*Aim of the exercise:* Exactly the lines below from the line with "Off Pure White" through the line with "Croatia Christmas Polo" must make up the answer, both ends included and pictures left out.

*Material supplied:*

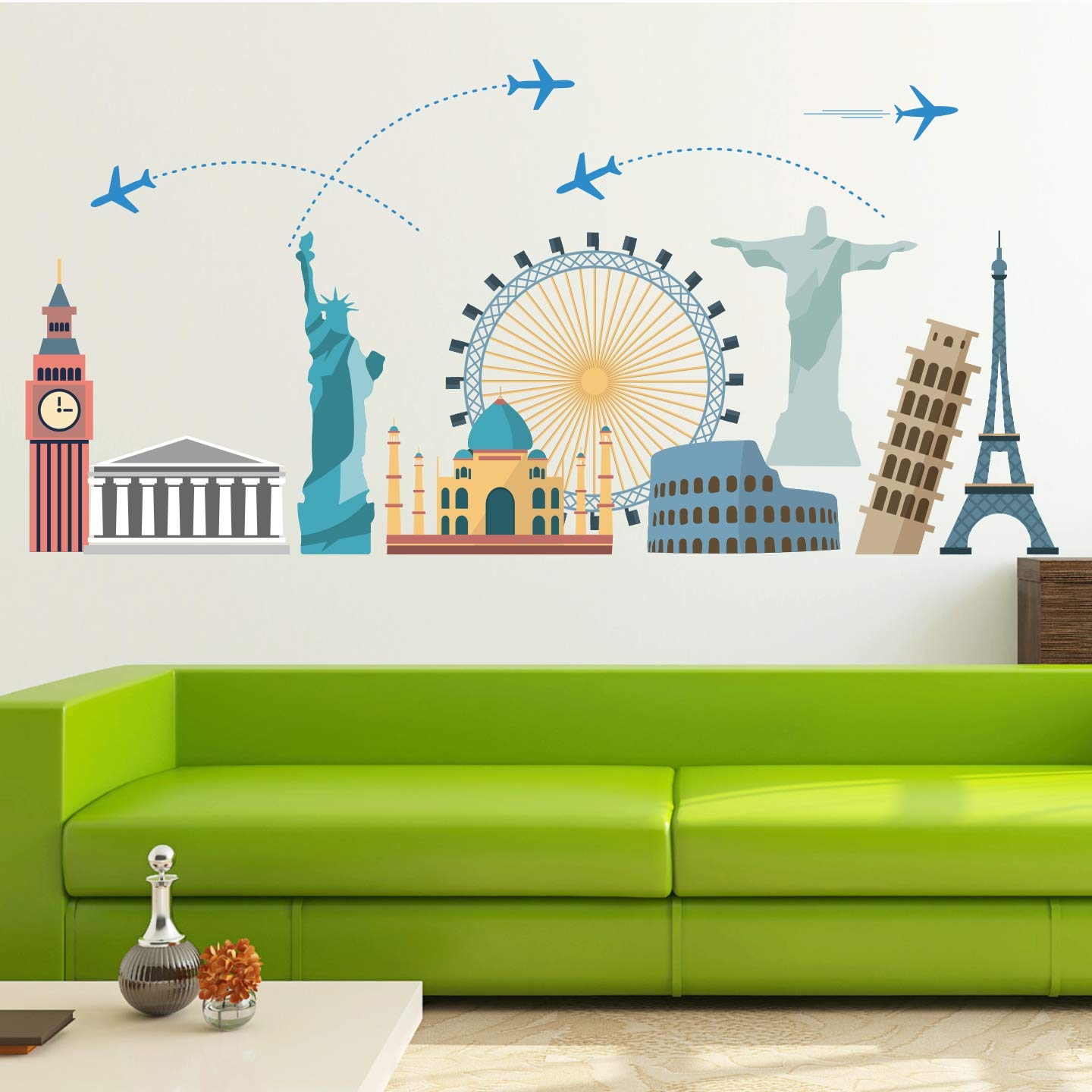 StickMe ‘Travel Around The World – World Wonders – Trip – Tour – Journey – Airplane – Creative – Colorful – Wall Sticker’ -SM074 (Multi Colour, Vinyl – 100cm X 60 cm)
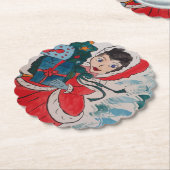 サンタズヘルパークリスマス紙コースター ペーパーコースター (アングル)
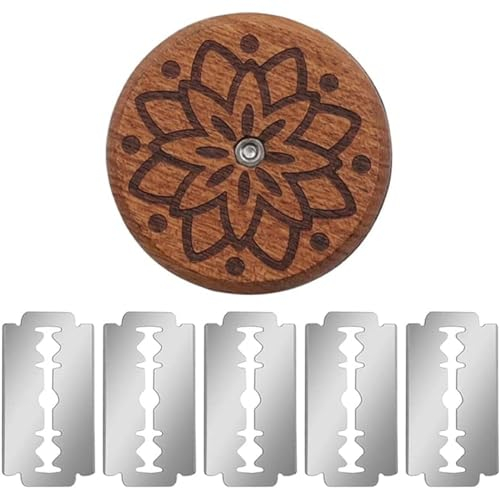 Lama pane,Taglierino per Pane,Coltello da Pane,Lama Pane,Coltello per Impasto Coltello da Panettiere con 5 Lame per Cuocere Intagliare Modelli di Pane Crudo Coltello per Segnare Versione Rotonda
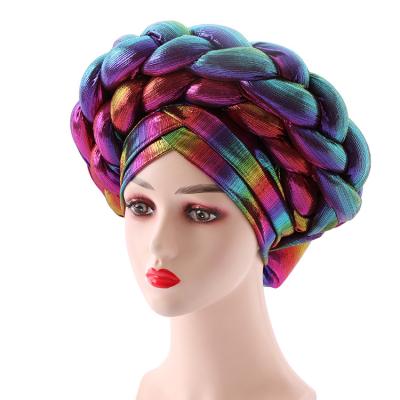 China Newest Multifunctional Women Fashion Nigerian Gele Headtie Women Colorful Elastic Hat Front Cross Luxury Double Layers Braid Women Turban Hat for sale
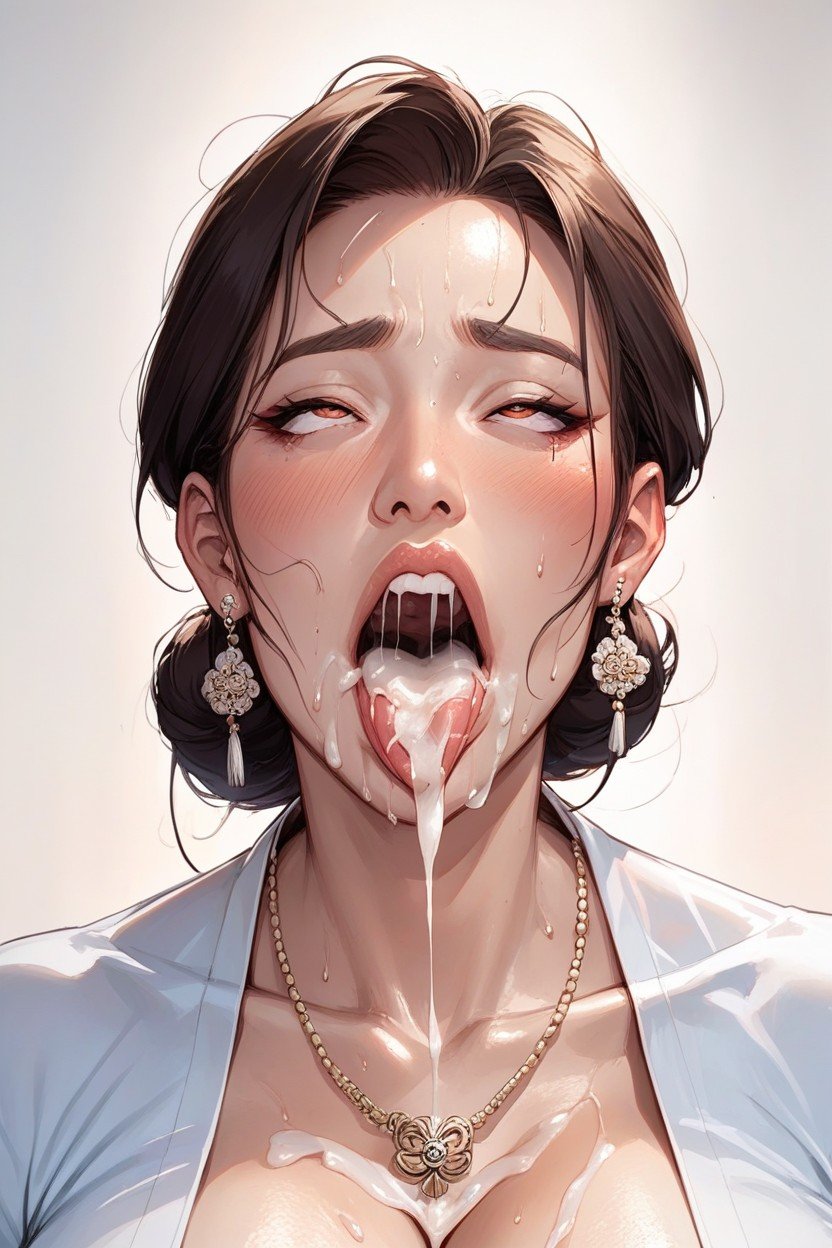 Tongue Out, Ahegao, Asian Milf쉬메일 AI 포르노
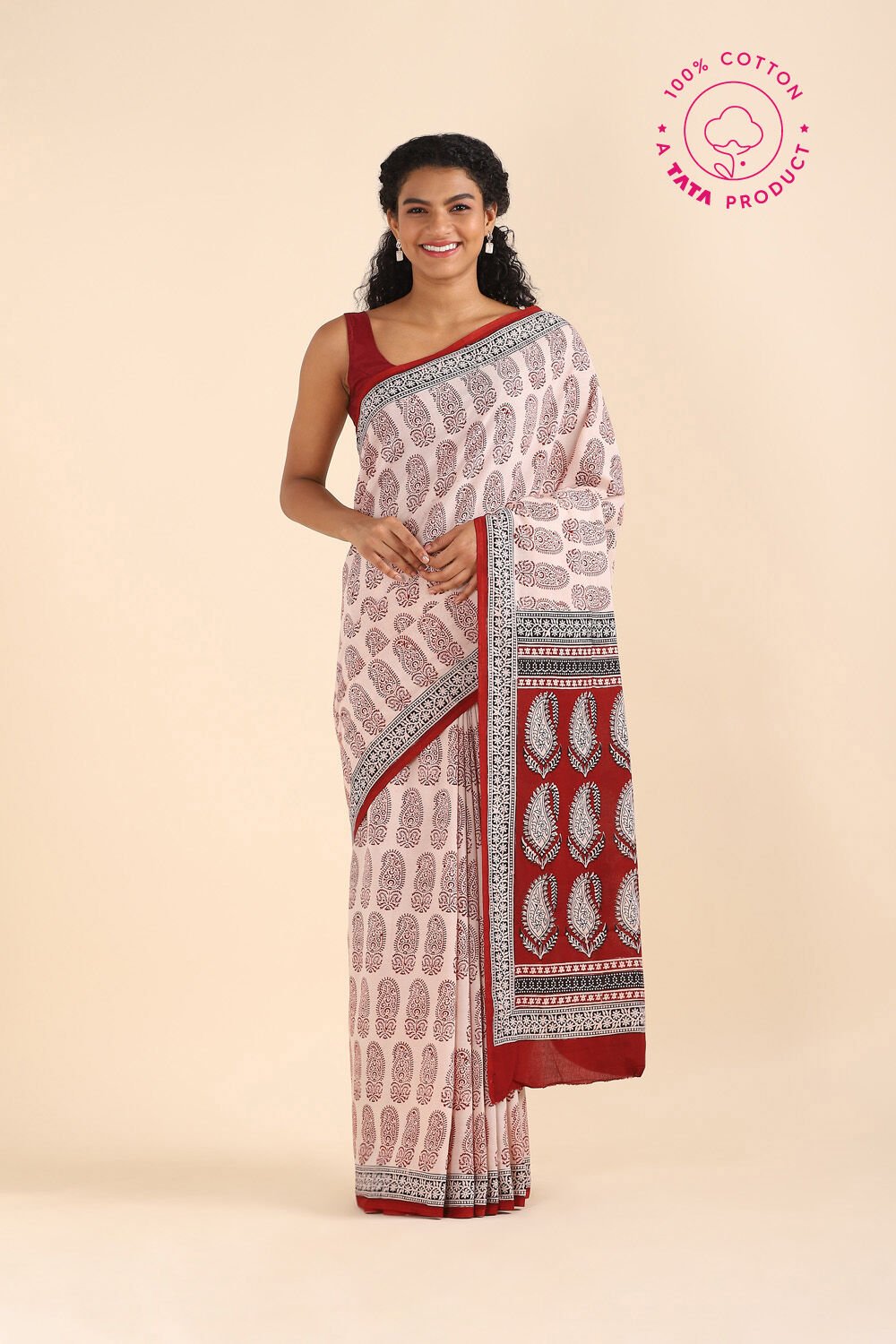 Off Pure White Cotton Bagh Printed image number null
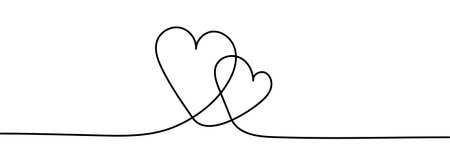 Continuous one line drawing of heart shapes, vector minimalist black and white illustration of love valentine day concept. Editable strokeのイラスト素材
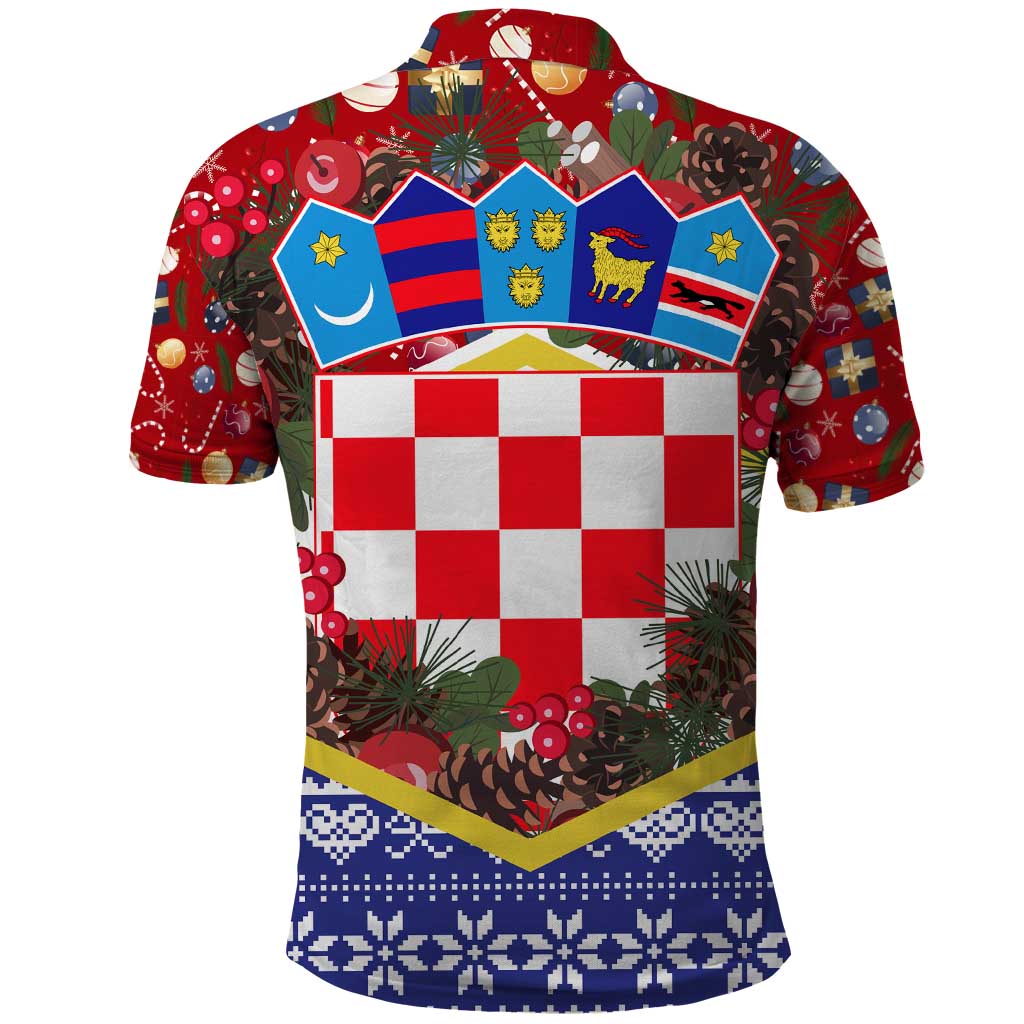 Croatia Christmas Polo Shirt with Santa Sleigh Presents and Red Checkered Crest TS04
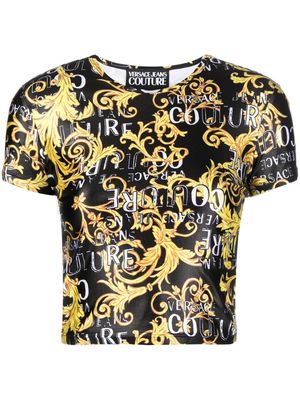 Versace Jeans Couture Barocco-print cropped T-shirt - Black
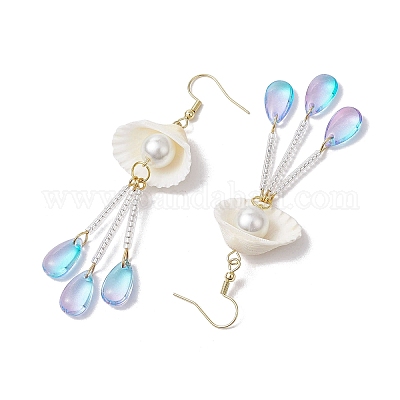 Серьги-подвески из стекла и натуральных ракушек EJEW-MZ00384-1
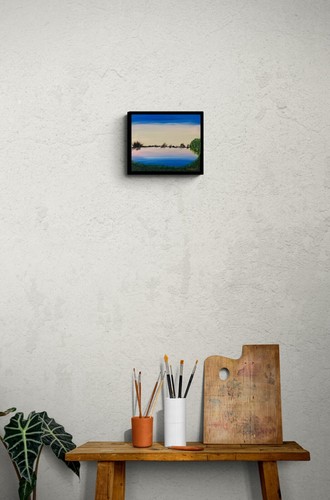 Acrylic Art | One of a Kind Collectible Landscape Painting | Dawn At the pond - 第 7/7 張圖片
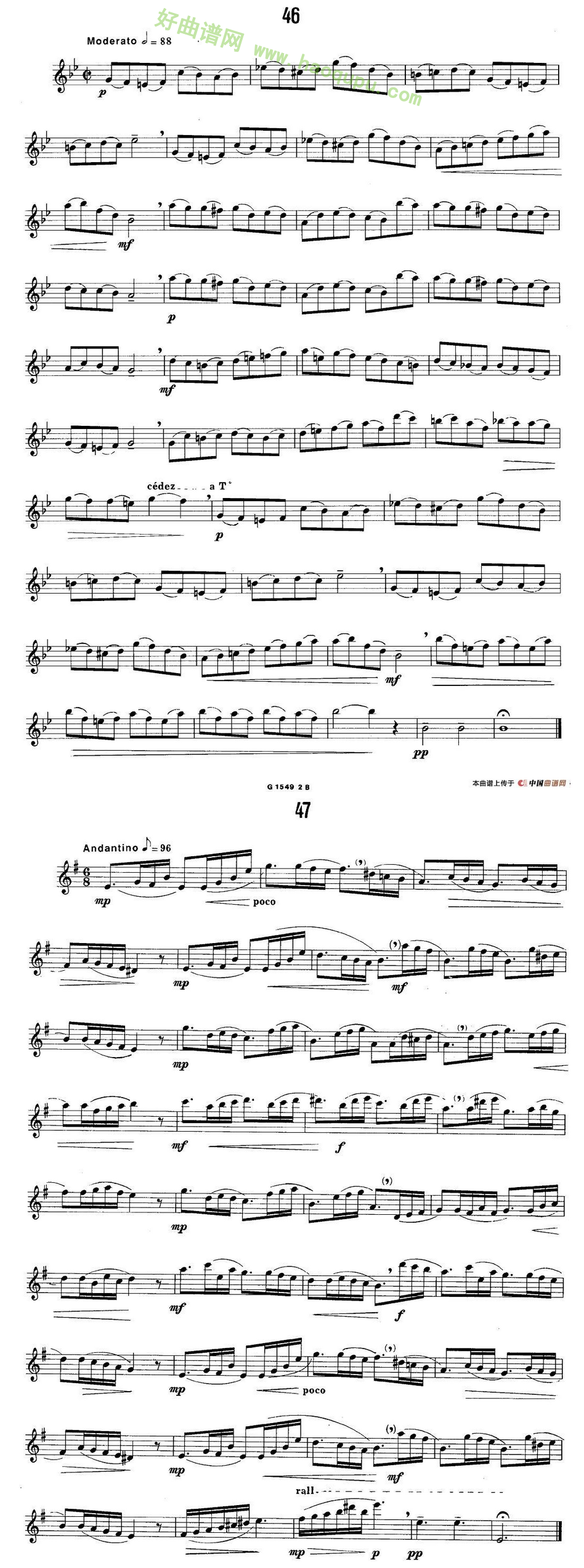 《50首经典萨克斯管练习曲》（42—50）萨克斯简谱第4张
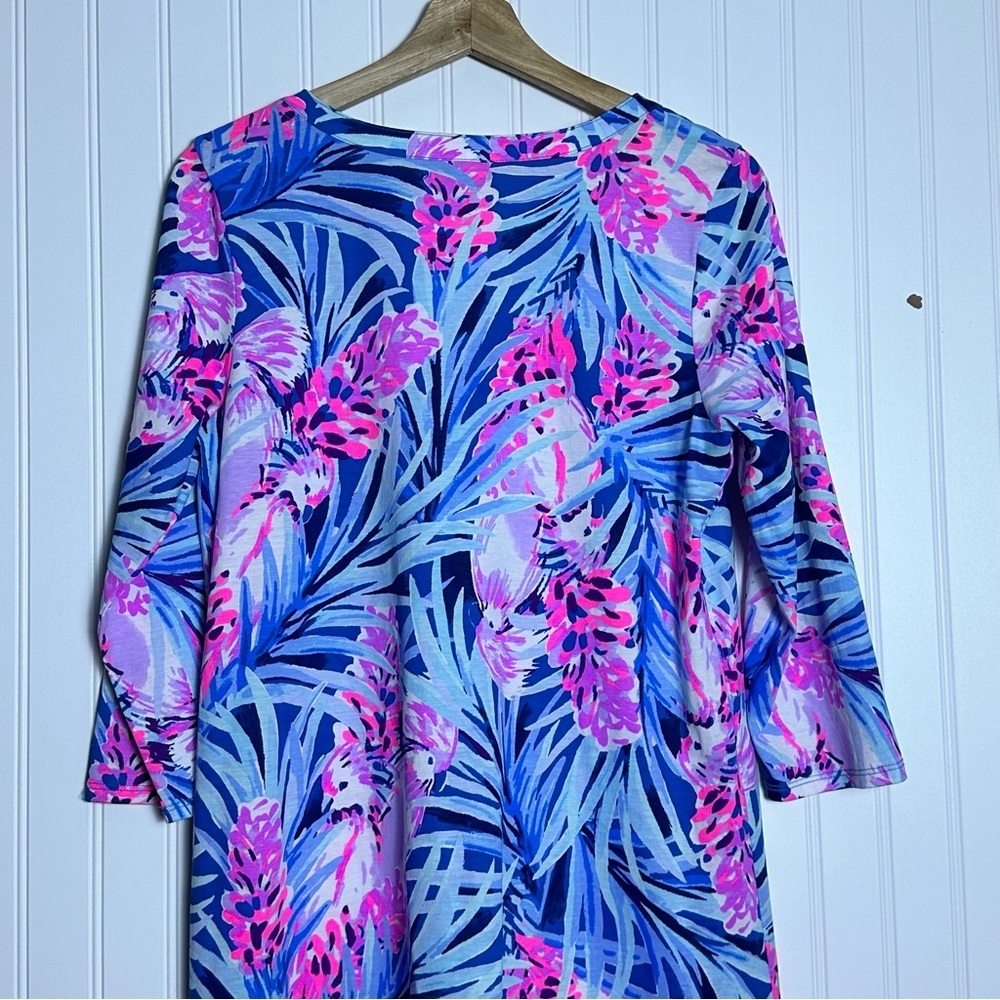 LILLY PULITZER Mr Peacock Blue Tweethearts DAPHNE Tunic Shirt Dress M Colorful - Picture 8 of 11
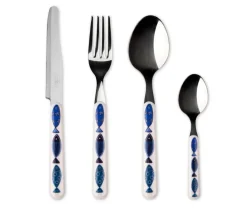 Posate, 24 pezzi, acciaio inox, pesci blu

*Result below:*
 Off Pure White Cotton Bagh Printed image number null
 Continuous one line drawing of heart shapes, vector minimalist black and white illustration of love valentine day concept. Editable strokeのイラスト素材
 Croatia Christmas Polo Shirt with Santa Sleigh Presents and Red Checkered Crest TS04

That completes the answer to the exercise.